Auch nach Abgang von Übergangspremier
Tunesien: Unruhen halten an
Die Lage in Tunesien ist derzeit sehr heikel, - die demokratische Opposition hat zwar den Sturz von Diktator Ben Ali erwirkt - doch das Regime von Ben Ali ist noch immer am Ruder und sperrt sich gegen echte demokratische Veränderungen. Die Opposition ist weiterhin auf der Straße.
27. April 2017, 15:40
Mittagsjournal, 01.03.2011
Zu nahe am alten Regime
Immer wieder kommt es zu brutalen Auseinandersetzungen mit der Polizei. Wochenlang forderte die Opposition den Rücktritt von Interimspremier Mohamed Ghanouchi, dem zu viel Nähe zum Alten Regime vorgehalten wurde. Doch sein Rücktritt am Wochenende hat keine wirkliche Entspannung gebracht, sagt Sihem Bensedrine, seit Jahren eine der bekanntesten Regimekritikerin in Tunesien und aktive Bürgerrechtlerin: "Ghanouchi war einfach ein schlechtes Ziel. Die Opposition ließ sich da manipulieren.

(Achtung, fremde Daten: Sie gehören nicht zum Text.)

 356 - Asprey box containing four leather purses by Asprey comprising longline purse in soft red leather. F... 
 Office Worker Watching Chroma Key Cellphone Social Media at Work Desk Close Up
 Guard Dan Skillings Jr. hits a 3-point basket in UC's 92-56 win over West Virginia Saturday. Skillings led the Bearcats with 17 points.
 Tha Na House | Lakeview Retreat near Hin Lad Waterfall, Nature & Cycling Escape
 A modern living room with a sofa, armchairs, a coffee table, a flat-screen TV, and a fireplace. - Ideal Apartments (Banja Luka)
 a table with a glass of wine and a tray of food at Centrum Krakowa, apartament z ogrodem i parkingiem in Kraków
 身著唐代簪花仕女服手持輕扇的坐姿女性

Einige wollten uns glauben machen, dass es allein Ghanouchi ist, der alle Reformen blockiert. Jetzt ist er weg, doch nichts hat sich geändert.
Weiter in den Schlüsselpositionen
Das Regime von Ben Ali ist einfach noch da. Überall im Land sitzen Leute, die von dem Regime profitiert haben und von den Privilegien nichts abgeben wollen", so Bensedrine: "Diese Leute sind sehr mächtig, das darf man nicht vergessen, sie sitzen allen Schlüsselpositionen im Land, in der Wirtschaft, in der Justiz und im Staatsapparat. Sie arbeiten mit der politischen Polizei zusammen und setzen alle Mittel ein, um eine echte Demokratisierung Tunesiens zu verhindern".
Skepsis gegenüber neuem Premier
So reagiert denn die Opposition mit großer Skepsis auf den neuen Premier Beji Caid Essebsi, der nur wenige Stunden nach dem Rücktritt Ghanouchis eingesetzt wurde: "Er ist einfach zu alt, mit seinen 84 Jahren ist er nicht Herr der Lage. Außerdem: wer steckt hinter seiner Ernennung, welches Ziel wird damit verfolgt. Warum wurde das durchgezogen, ohne Konsultationen, ohne Gespräche mit der Opposition".
Freie Wahlen gefordert
De facto ist die Opposition weiterhin von allen politischen Prozessen in Tunesien ausgeschlossen. Die Regierung verspreche zwar Wahlen im Sommer, mache gleichzeitig aber keine Anstalten, diese wirklich vorzubereiten, kritisiert die tunesische Bürgerrechtsaktivistin: "Wir wollen Wahlen, aber keine Wahlen auf Basis der Alten Verfassung. DAs ist der zentrale Punkt. Denn nach der Alten Verfassung ist keine echte demokratische Wahl möglich. Außerdem wollen wir künftig keinen starken Präsidenten der Republik, wir wollen vielmehr ein starkes Parlament. Und dafür muss aber die Verfassung geändert werden und zwar unter Einbindung der Bevölkerung".
Nächste Wochen entscheidend
Doch danach sieht es derzeit nicht aus. Tunesien befindet sich derzeit in einer sehr fragilen Übergangsperiode, betont Sihem Bensedrine. Die Demokratiebewegung hat noch nicht gewonnen, das alte Regime hat noch nicht wirklich verloren. Die nächsten Wochen würden zeigen, wer die Oberhand gewinnt.